Thursday, November 5, 2009

Theatrical Questions

Let's be honest folks, I love the theater.
I love watching it, I love being in it, I love the people I meet, I love the lessons I learn, I even love the hair and make-up (crazy, I know).
For the past 8 weeks a group of 15 other students and I have been working our tails off to put together a production that we like to think is of a professional caliber. Tonight is opening night.
As a play, it has a bit of everything.
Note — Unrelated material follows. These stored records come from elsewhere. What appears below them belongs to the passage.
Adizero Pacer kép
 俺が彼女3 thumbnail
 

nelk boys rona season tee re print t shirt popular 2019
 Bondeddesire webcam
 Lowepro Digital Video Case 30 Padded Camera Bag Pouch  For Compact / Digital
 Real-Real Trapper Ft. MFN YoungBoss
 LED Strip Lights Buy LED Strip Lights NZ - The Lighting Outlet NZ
Romance, comedy, love, tragedy, family, conflict, even things that, to our conservative college community, may seem highly inappropriate like sex, drinking, and even a big fight scene.
With so many themes and elements that can, all over, seem rather depressing, we, as a cast have been forced to ask ourselves "What are we actually giving to the community with this performance?"
With a story centered around a beautiful young girl who cheats on her boyfriend and a slightly older couple who can't seem to find lasting happiness, will this play just depress everyone or is there something bigger that we can leave the audience thinking about?
Here is what I've come up with:

What does age really mean?
Does love have an age limit?
How closely related is love to physical attraction, to sex?
Is there a use for beauty? What is it?
Does infatuation play a role in happiness?
What happens when your happiness depends on another person?
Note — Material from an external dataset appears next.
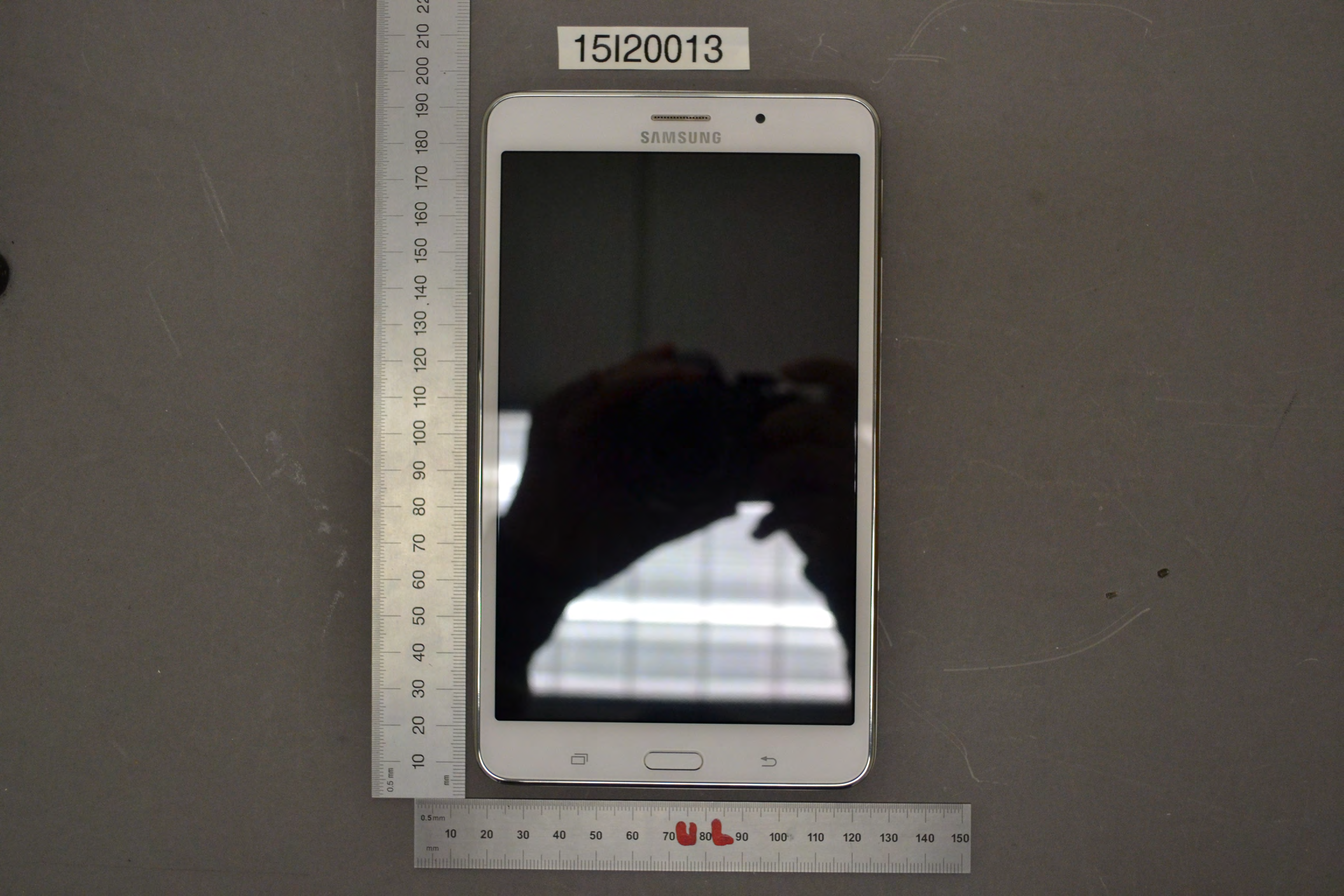 Product image for A3LSMT239M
Now, these are not easy questions. And this list barely scratches the surface of this issues this play covers. But it often feels like our campus, as a whole, takes the easy way out. That we excuse things and use "Sunday school answers" to difficult questions that, in reality, require much more critical thinking.
I hope everyone in the cast feels good about their performance tonight. I hope the audience gets the jokes and takes the drama seriously. I hope the crew and tech run smoothly, without hiccups or mistakes. I hope no one misses a cue or misplaces a prop.
But, most of all, I hope this play leaves the audience with serious questions (just as it has for the cast) and that no one gives an easy answer to their quandaries and goes home to focus on other things.

Curtain is in an hour, time to get my hair done and finish my make-up!